Today Soucy’s red-cross brassard is on display at the Museum of the Pacific War in Fredericksburg, Texas, as a tangible reminder of that day. He has made it his mission to keep the memory of his ship alive and to dispel myths—notably, the oft-repeated assertion that the Utah came in for heavy pounding from the Japanese because she looked like an aircraft carrier. Soucy, who must have had a collateral duty as a comedian, says of the ship, “It didn’t look any more like a carrier than I look like Marilyn Monroe—even if I were naked and wearing sunglasses.” Or perhaps especially if he were naked and wearing sunglasses.
As part of his self-appointed mission, Soucy wrote an article for a 1994 issue of American Legion magazine. One of the many who read it was Cal De Knikker, a former sailor who lives in Woodland, California. He was intrigued by Soucy’s words since he had known nothing about the Utah. He determined not only to learn more but also to honor the “other” ship and her crewmen. In 1995 he won an American flag in an Elks’ Lodge raffle and arranged for it to be flown over the hulk of the Utah on 4 July. The flag was then folded away until a ceremony on 7 December that year in California.
More than 500 people, including 14 former crew members of the old target ship, attended the ceremony. Navy and Marine Corps recruiters presented the flag to the Utah veterans.
Because Cal De Knikker was a boiler technician during his service in the destroyer Richard S. Edwards (DD-950) in the mid-1970s, he especially identified with Chief Water Tender Peter Tomich. Tomich lost his life in 1941 when he went down to a fireroom to secure the Utah’s boilers and prevent them from exploding. He also made sure his shipmates evacuated the space, though he was not able to escape himself. The Navy awarded him a posthumous Medal of Honor and named a World War II ship for him, the destroyer escort Tomich (DE-242).

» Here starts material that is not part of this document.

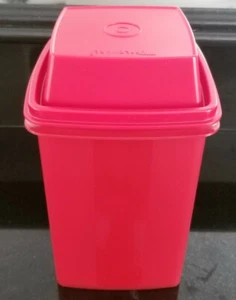 NEW Tupperware 8 cup Large PICK A DELI Passion Red 2L Strainer lifter Pickles - Picture 1 of 1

In the spring of 2001 De Knikker received a call from a former neighbor, Dick Miller, who said he had something that might be of interest. When they met, De Knikker discovered that the item was a set of metal letters, U-T-A-H, mounted on a piece of wood. They had probably once been affixed to a ship’s boat or displayed on board ship. They had been salvaged on 8 December 1941 and had since been in Miller’s family. De Knikker pledged to do the right thing with them. When he went to Hawaii for the 60th anniversary later in 2001, he took along a photo of the letters and showed it to Daniel Martinez, historian for the Arizona Memorial. Martinez confirmed their authenticity and said the National Park Service would like to get the letters.
In December 2004, De Knikker gathered his family for a pilgrimage to Pearl Harbor. On the afternoon of 6 December, Calvin, wife Christine, and sons Christian and Jordan were on board the memorial. There they presented the mounted letters to Jim Taylor, who coordinates interments of veterans’ ashes for former crewmen of both the Utah and Arizona. Taylor then presented the mounted letters to the National Park Service.
The other part of the ceremony brought aboard the remains of Thomas C. Molay, who had been a photographer’s mate second class in December 1941. He had visited the memorial two years earlier and, as his widow Dottie later explained to a reporter for The Honolulu Star-Bulletin, “It was then he said he wanted to go back there when he died.” After Molay’s passing in February 2004, she saw to it that his wishes would be honored. She and the De Knikkers were there in December when divers took his ashes down inside the old ship—together, once again, with former shipmates.
Ten years after Lee Soucy’s article about the Utah, Cal De Knikker and Dot- tie Molay have answered the question raised by the article’s title: “Who Will Remember It When We Are Gone?”